Using the latest cached version of the module from C:\Users\WORKSTATIONS\.cache\huggingface\modules\evaluate_modules\metrics\evaluate-metric--wer\85bee9e4216a78bb09b2d0d500f6af5c23da58f9210e661add540f5df6630fcd (last modified on Wed Mar 19 12:07:22 2025) since it couldn't be found locally at evaluate-metric--wer, or remotely on the Hugging Face Hub.


In [205]:
def compute_wer(dataset, batch_size=8, max_new_tokens=255):
    """Generates transcriptions and computes WER for the given dataset."""
    dataloader = DataLoader(dataset, batch_size=batch_size, collate_fn=data_collator)
    predictions, references = [], []

    for batch in tqdm(dataloader, desc="Evaluating WER..."):
        with torch.no_grad():
            input_features = batch["input_features"].to("cuda")

            # Generate transcription
            generated_tokens = model.generate(input_features, max_new_tokens=max_new_tokens)

            # Decode predictions and references
            decoded_preds = processor.batch_decode(generated_tokens, skip_special_tokens=True)
            decoded_labels = processor.batch_decode(batch["labels"], skip_special_tokens=True)

            predictions.extend(decoded_preds)
            references.extend(decoded_labels)

        # Free memory
        del generated_tokens, batch
        gc.collect()

    # Compute WER
    wer = 100 * metric.compute(predictions=predictions, references=references)
    return wer


In [206]:
# Assuming 'common_voice' is your dataset
train_wer = compute_wer(commonvoice_dataset["train"])
test_wer = compute_wer(commonvoice_dataset["test"])
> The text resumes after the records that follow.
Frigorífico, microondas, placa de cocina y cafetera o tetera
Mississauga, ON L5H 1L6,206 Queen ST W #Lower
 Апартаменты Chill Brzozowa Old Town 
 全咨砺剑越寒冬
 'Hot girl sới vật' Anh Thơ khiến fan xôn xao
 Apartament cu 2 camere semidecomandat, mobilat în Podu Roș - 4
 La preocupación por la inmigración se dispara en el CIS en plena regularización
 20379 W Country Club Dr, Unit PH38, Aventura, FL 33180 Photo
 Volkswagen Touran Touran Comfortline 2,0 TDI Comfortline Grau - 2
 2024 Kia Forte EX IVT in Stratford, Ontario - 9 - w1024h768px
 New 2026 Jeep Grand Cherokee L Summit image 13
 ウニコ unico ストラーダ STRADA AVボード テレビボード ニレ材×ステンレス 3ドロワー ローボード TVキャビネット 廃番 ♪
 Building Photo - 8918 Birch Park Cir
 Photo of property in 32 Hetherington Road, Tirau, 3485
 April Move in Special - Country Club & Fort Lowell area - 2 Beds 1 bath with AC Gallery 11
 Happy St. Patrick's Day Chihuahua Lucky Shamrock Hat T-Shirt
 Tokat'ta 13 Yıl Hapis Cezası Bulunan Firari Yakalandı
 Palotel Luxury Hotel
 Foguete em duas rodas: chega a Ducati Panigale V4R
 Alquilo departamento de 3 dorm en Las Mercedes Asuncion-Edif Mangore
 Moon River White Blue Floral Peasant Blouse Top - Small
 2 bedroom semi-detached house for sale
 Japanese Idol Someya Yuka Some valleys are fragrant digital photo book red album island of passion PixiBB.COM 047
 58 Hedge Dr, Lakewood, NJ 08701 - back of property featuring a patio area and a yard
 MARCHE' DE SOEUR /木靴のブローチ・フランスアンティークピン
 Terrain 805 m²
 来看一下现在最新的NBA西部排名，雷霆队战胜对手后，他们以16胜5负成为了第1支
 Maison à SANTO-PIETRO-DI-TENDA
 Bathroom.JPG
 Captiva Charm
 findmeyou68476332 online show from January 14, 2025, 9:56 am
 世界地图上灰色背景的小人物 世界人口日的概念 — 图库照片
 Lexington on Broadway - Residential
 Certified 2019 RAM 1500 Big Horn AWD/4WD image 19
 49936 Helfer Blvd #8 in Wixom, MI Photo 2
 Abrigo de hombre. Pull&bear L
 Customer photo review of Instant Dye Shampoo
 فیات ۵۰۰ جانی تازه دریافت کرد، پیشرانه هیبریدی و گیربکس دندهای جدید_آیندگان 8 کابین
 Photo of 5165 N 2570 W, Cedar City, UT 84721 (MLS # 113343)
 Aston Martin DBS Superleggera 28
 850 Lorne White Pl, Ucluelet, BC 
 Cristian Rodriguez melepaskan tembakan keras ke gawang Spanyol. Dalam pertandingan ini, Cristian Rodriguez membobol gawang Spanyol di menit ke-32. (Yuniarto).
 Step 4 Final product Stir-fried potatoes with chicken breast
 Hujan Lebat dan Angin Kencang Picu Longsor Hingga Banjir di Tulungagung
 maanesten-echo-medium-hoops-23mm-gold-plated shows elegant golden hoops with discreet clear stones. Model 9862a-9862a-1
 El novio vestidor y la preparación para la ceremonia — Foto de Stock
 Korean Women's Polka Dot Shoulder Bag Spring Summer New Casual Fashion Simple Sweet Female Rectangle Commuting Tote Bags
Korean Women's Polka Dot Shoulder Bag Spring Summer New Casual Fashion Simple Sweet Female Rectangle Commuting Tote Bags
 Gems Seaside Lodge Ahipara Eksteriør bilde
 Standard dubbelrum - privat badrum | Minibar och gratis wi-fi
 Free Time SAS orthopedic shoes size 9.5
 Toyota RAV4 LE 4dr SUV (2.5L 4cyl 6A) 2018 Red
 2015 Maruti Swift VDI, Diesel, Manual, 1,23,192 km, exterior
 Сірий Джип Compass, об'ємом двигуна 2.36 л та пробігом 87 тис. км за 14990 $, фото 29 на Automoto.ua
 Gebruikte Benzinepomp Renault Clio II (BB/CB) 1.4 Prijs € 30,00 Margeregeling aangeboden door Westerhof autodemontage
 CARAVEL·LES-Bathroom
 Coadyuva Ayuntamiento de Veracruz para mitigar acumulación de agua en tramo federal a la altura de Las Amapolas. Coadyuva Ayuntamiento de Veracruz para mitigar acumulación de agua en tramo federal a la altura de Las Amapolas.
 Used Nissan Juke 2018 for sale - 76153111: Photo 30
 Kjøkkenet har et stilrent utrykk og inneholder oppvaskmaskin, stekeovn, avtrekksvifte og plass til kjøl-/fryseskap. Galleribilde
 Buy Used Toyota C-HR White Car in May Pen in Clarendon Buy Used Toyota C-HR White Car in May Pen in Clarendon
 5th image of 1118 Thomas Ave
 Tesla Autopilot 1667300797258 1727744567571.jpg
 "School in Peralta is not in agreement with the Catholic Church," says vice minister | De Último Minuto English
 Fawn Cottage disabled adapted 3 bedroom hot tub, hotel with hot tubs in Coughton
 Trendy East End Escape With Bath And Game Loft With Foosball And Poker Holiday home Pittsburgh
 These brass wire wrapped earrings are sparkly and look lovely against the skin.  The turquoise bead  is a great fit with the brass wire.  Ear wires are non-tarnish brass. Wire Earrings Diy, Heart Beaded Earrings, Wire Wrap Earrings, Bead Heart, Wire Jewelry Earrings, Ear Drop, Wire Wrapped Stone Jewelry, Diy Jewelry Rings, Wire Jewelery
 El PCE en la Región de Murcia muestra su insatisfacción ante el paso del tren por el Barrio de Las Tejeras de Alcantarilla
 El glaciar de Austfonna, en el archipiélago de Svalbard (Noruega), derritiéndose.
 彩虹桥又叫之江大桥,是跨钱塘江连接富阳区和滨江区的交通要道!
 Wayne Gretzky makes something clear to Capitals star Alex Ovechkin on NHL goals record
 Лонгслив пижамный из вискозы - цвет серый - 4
print(f"Train WER: {train_wer:.2f}%")
print(f"Test WER: {test_wer:.2f}%")


Evaluating WER...: 100%|████████████████████████████████████████████████████████████████████████████████████████████████████████████████████████████████████████████████████████████████████████████████| 946/946 [2:27:43<00:00,  9.37s/it]
Evaluating WER...: 100%|████████████████████████████████████████████████████████████████████████████████████████████████████████████████████████████████████████████████████████████████████████████████| 418/418 [1:05:44<00:00,  9.44s/it]


Train WER: 103.68%
Test WER: 104.47%


If your dataset has 7,568 samples, then:

7568/8 = 946 batches

This means your dataset has 946 mini-batches, and each iteration processes one batch.